The destruction of the Amazon rainforest receives a lot of publicity, but the fact is that the Atlantic Rainforest is much more seriously threatened. 20% of the Amazon forest has gone – but over 93% of the Atlantic Rainforest has disappeared, and with it the creatures that make it their home — nearly 70% of the vertebrate species classified as endangered in Brazil are found in the Atlantic Rainforest.

It is generally believed that tropical forests restore their full biodiversity in 500 years. Yet, at today’s rate, the Atlantic Rainforest does not have 500 years. The rate of destruction and forest clearance is not decreasing — it is accelerating. In 1988, the Atlantic Rainforest was declared a national heritage and the government prohibited any further cutting or clearance. However, in the six years from 1990 to 1995 more than 500,000 hectares or 1235527 acres were destroyed.

In most of the Atlantic Rainforest region, and certainly around Iracambi, the main cause of recent destruction has been clearance for agricultural land, mainly to grow coffee. When the forest is cleared away the land rapidly loses fertility — despite the abundance of the rainforest vegetation, the soil is not incredibly rich or fertile but quite the opposite.

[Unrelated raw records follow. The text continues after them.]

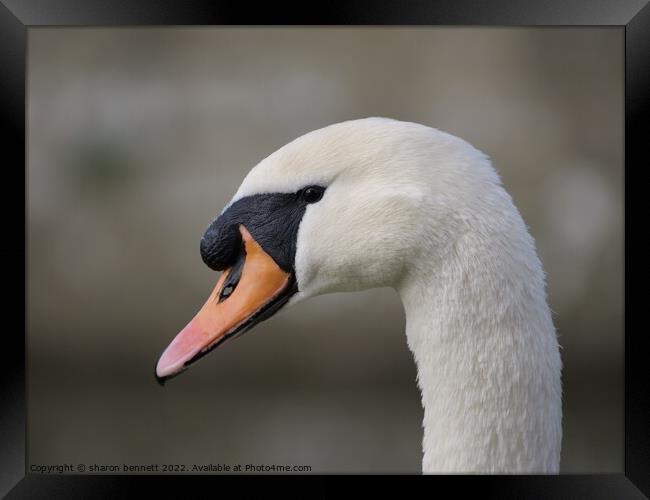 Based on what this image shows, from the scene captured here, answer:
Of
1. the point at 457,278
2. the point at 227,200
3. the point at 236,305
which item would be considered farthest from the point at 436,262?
the point at 227,200

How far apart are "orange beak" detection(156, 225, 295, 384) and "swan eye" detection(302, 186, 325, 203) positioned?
12 cm

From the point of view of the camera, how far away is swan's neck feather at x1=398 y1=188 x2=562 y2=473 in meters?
1.30

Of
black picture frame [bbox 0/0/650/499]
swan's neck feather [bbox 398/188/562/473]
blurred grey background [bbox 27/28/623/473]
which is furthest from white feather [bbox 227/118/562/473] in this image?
blurred grey background [bbox 27/28/623/473]

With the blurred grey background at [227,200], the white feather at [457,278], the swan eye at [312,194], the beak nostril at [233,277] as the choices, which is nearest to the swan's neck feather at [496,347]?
the white feather at [457,278]

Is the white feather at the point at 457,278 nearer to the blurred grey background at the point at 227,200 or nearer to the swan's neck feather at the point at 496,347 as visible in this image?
the swan's neck feather at the point at 496,347

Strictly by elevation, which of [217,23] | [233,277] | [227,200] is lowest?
[233,277]

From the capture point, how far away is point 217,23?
1713 millimetres

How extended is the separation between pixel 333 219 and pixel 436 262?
202mm

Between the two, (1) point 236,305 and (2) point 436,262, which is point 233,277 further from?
(2) point 436,262

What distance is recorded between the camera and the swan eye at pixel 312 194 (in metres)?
1.43

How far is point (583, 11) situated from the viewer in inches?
66.4

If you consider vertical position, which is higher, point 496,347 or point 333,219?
point 333,219

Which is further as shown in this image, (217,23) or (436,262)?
(217,23)

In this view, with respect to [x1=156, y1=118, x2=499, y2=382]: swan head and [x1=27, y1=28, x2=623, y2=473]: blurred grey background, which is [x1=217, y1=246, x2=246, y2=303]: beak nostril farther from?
[x1=27, y1=28, x2=623, y2=473]: blurred grey background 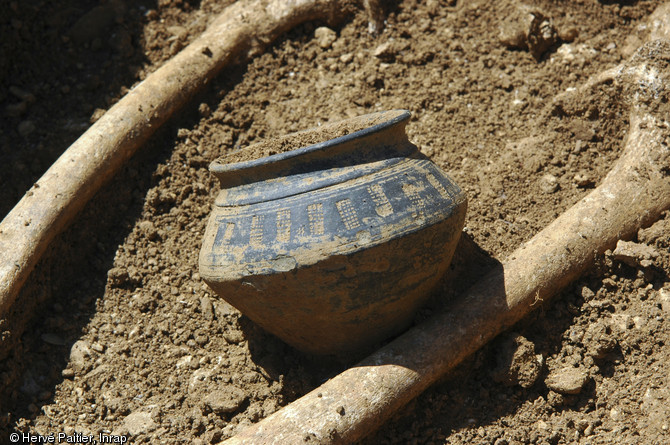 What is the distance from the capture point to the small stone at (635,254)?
2621 mm

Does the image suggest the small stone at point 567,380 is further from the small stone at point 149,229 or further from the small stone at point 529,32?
the small stone at point 149,229

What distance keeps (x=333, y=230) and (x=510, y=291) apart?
937 mm

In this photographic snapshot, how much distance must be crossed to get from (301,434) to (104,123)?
203 centimetres

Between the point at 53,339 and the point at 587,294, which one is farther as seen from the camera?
the point at 53,339

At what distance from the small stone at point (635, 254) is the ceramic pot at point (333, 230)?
0.85m

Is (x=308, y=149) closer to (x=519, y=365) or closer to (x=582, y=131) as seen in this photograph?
(x=519, y=365)

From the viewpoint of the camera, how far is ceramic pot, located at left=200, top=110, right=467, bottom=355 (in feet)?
7.02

Rainforests survive due to complex relationships between the trees and plants and tiny micro-organisms or fungi from whom they can extract the minerals and nutrients they need to grow. When the forest is cleared these microorganisms also die, and the poverty of the soil quickly becomes apparent. Once cleared and intensively farmed, its fertility is lost within 20 years or less, after which the farmer needs to clear more land to maintain his level of income.

Add this to an unstable economy and real problems result. Much of the forest which disappeared in recent years did so because of the effects of the Brazilian economy going haywire in the 1980s. Brazil suddenly had to start to pay the bills run up by its military rulers. Subsidies to agriculture were drastically cut and inflation ran like the plague just as worldwide terms of trade turned against agriculture. The pressures on Brazil’s farmers to overexploit their resources were immense. As a result, hillside soils were intensively farmed, and their fertility rapidly depleted by coffee. Then they were converted to pasture and massively over-grazed by cattle. Left unprotected against the heavy rainfall, the topsoil began to wash away and serious erosion damage set in. With the topsoil gone, the land was useless. The farmer had to clear more forest to plant his crops in order to survive.

As the Brazilians say, Brazil is a country blessed by God. It is rich in natural resources and scenic beauty, but it is not plagued by natural disasters. A vast territory of this country is covered by forests: the Amazon rain forest stretching along the Amazon River in the North and the Atlantic Rain Forest in the South-East.

The average temperatures range between 55 to 70 F in the south (14-21 C) to 80 to 100 F in the north (26-37 C), therefore the climate varies according to latitude and altitude and produces immense biodiversity. There are approximately 10.000 species of plants and 50% of those are endemic.

The Rainforest today is only a semblance of what it used to be

  • The Atlantic Rainforest preserves a large quantity of Medicinal plants, many not yet properly studied, an important legacy to Medicine.
  • The endemic level rises significantly when flora is grouped, reaching 53.5% for arboreal species, 64% for palm trees and 74.4% for bromeliads.
  • The Atlantic Rainforest is vital for the ecosystem; it regulates climate, temperature, humidity and rain.
  • Even with an accelerated devastation, the Atlantic Rainforests still harbors a significant parcel of the Brazilian biological diversity, with high levels of endemism. Of the 202 endangered animal species, 171 are found in the Atlantic Rainforest.
The Rainforest today is only a semblance of what it used to be only a few decades ago.